As of the moment, I’m writing this, the idea’s description of https://joplinapp.org/gsoc2020/ideas.html#5-ocr-support is:

It is possible to add support for OCR content in Joplin via the Tesseract library. A first step would be to assess the feasibility of this project by integrating the lib in the desktop app and trying to OCR an image. OCR support should be implemented as a service of the desktop app. It would extract the text from the images, and append the content as plain text to the notes.

Expected Outcome: A service on the desktop app that extract text from images and attach it to the note.

Difficulty Level: High
Skills Required: JavaScript
Potential Mentor(s): CalebJohn, laurent22

rabeehrz · 27 February 2020 11:51

OCR is one of the projects listed on the ideas page for GSoC '20. I think OCR would be a great addition to Joplin. This would help users to add text from images very easily and would be a welcome feature by everyone.

As mentioned in the ideas page, The initial stage of implementing OCR requires checking the feasibility of the project. As suggested by Laurent, the first step was to integrate the library into the desktop app and test it.

I’ve done a basic implementation of the Tesseract Library in the desktop app and did some tests. I would like to discuss the results and get feedback for the same to get a really good idea for when I’m submitting my proposal.

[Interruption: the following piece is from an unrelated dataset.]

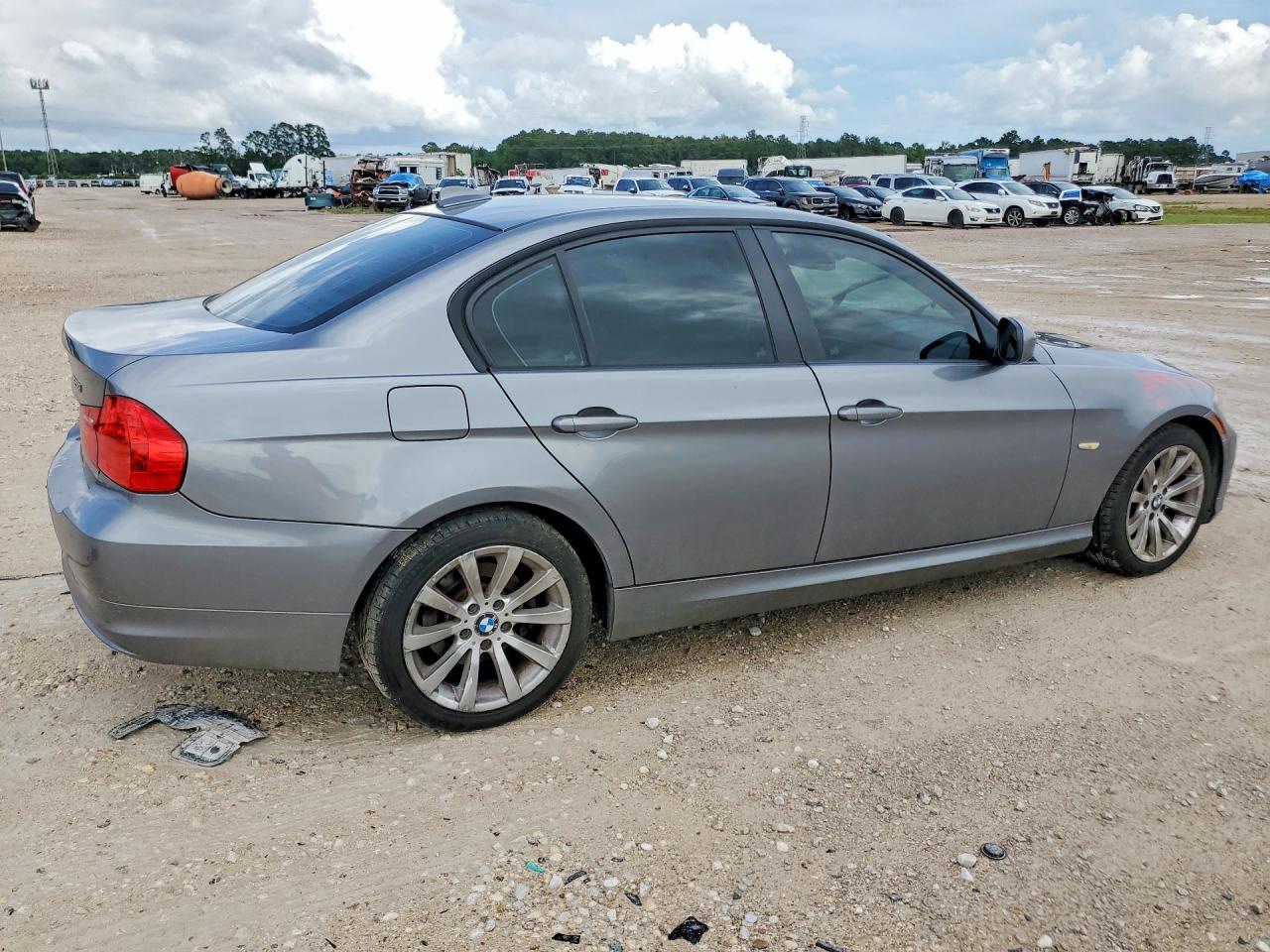 2011 BMW 328 XI photo 7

The implementation is on the ocr-tess branch of a fork of the joplin repo.
It can be found here.

Before testing, install the tesseract-js package.

npm install tesseract-js

In the Note editor, an icon can be found in the toolbar. Click on the icon and select the image.

After selecting the image(s), the progress of the OCR is logged to the console, along with the time taken to process the image. (I haven’t added any progress bar. Monitor the console. After it says, initialized the api, the process is running and give it some time.)

On completion of the process, the text is appended to the markup editor. This is what I’ve implemented so far. I tested the functionality with some sample images and I would like to answer some queries Laurent has mentioned.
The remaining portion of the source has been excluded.